MTN - living in my area, this guy is a roadside telephone operator, but the guy is going gaga as his shirt and trousers are all yellow, just because of MTN.
Charles Taylor – a great fan of Liberia,
Surulere – an okada man who doesn’t mind pulling off his shirt for a fight over 20-Naira,
Pirate – pirated CD seller at the computer village in Ikeja,
GSM – also at the computer village, ikeja, people say this guy can repair any kind of GSM,
Adedibu – security guard fan of Adedibu,
Fashola, Tinubu – these guys are area boys,
Canada – a 15year old in my area who loves wearing T-shirts with the inscription ‘canada’,
Agege – bus conductor,
Bombay – indian businessman at computer village, Ikeja,
The present governor of Lagos state is Governor Babatunde Fashola. He runs his show in his office and I’ll be running my own here. I said, if I were governor of Lagos state. Goodnaijagirl talks about Nigeria for Dummies, a for-dummies book that could help her know about Nigeria and its politrics. The reality is that ‘Nigeria’ and ‘Dummy/ies’ are not synonymous in Nature, they have nothing in common. ‘Lagos’ and ‘Dummies’ are not synonymous either.
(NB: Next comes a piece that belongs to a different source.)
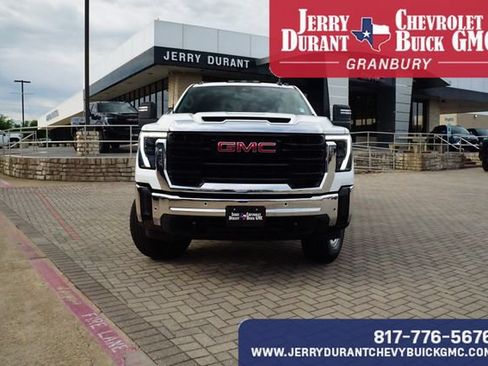 Used 2024 GMC Sierra 2500 Pro w/ 1SA Pro Safety Plus Package AWD/4WD image 2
To live and flow in Lagos, you have to be smart and smart about your smartness. ‘Lagos for Dummies’ compiled by mypenmypaper, hhhmmmm, it could be worth the effort: writing a good guide to Lagos state book – for dummies.
So, here, your flight has landed in Lagos state. This time, we are not transiting anywhere, plis, pluz, please, pleeeeeeeeaaaaaseeeeeeeeeyyyyy, disembark from your plane’, don’t be scared, theres nothing to fear. You won’t be kidnapped, you won’t be stripped of your clothes and shoes, You have arrived in Lagos state, you are in Nigeria, you are in Africa. This is the place to be. I am going to assume I’m the governor and I’m taking you for a ride.